There are dangers here. Last week's report on the Defender, an armoured limousine on sale to nervous Los Angelenos, included an academic (from the Institute of Advanced Banality) who grindingly pointed out that for some people cars are 'almost an extension of themselves'. But Muriel herself is a lot more fun, even when she takes her conscience for a spin.

In the first of the series a report about the motoring organisations' current scare advertising (women in danger, lone breakdowns etc) was alert to the hidden agenda without ever sounding drearily puritanical. This week a piece from California about a novel sales technique for Saturn cars (one price, everything included, no haggling and the salesman keeps pictures of your kids in his wallet) was nicely spliced with a quick rundown on more conventional selling techniques. If you are offered very hot coffee in a car showroom, beware - it's a way of keeping you pinned down while the predator spins his web.

Omnibus's film 'The Performers - Goya' (BBC 1) was variously described as 'revised' and 'updated' in pre-publicity. It would be interesting to know exactly how, because it was impossible to tell from what you saw whether it had been touched at all since its first broadcast in 1972. Perhaps the phrases betrayed an uneasy conscience about serving up 22-year-old film to coincide with the opening of a new Goya exhibition in London, a decision which offers obvious economies of time and money in the short term but will not do much for the reputation of your series if it happens too often.

And perhaps, too, we are talking 'vintage' rather than 'past its sell-by date'. In fact Leslie Megahey's film had aged well, apart from some of that frantic rostrum camerawork which marks the films of the time (if the painting shows a girl on a swing she will lurch giddily from one side of the screen to the other). And after last week's hagiographic home movie about Vikram Seth it was a relief to be confronted with a sharp, questioning intelligence, even if it was mostly in the paintings you were shown.

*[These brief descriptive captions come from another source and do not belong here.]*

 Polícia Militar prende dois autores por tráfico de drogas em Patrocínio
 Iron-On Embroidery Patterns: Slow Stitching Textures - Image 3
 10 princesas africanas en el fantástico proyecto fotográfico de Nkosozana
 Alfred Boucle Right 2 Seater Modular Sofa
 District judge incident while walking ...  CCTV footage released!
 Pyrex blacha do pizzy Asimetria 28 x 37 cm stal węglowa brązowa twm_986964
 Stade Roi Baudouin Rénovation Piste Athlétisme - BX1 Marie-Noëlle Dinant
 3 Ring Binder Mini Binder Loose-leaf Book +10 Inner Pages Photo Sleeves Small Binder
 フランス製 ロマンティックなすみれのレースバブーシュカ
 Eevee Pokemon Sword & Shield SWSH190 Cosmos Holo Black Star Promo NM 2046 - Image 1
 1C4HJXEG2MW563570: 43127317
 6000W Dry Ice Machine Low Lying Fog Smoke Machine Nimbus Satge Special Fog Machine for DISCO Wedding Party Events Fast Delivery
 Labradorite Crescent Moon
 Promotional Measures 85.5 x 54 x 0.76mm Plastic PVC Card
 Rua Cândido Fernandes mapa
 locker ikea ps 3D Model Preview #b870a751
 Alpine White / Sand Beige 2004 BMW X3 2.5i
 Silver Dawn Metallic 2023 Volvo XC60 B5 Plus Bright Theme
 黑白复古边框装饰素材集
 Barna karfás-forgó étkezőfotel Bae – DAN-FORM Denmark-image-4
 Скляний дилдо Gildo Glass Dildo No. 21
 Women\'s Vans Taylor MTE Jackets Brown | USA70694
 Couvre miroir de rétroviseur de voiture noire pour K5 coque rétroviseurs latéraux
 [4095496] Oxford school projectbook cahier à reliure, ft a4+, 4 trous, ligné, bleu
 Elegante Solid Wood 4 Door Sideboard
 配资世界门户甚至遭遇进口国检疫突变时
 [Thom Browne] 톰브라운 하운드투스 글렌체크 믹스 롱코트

It was a reminder, too, of the way that the ambitions of arts programmes used to be subservient to their subject matter - increasingly rare these days. Megahey's stylistic inventions, in particular a chain of overlapping images which linked Goya's life to his work, emerged from close attention to the paintings rather than a close attention to the director's career. There were some Seventies touches (snakes and naked nipples) but when necessary it was as plain as a lantern-lecture. It was unembarrassed about educating you and it made you wonder what they will repeat when Goya next comes to town.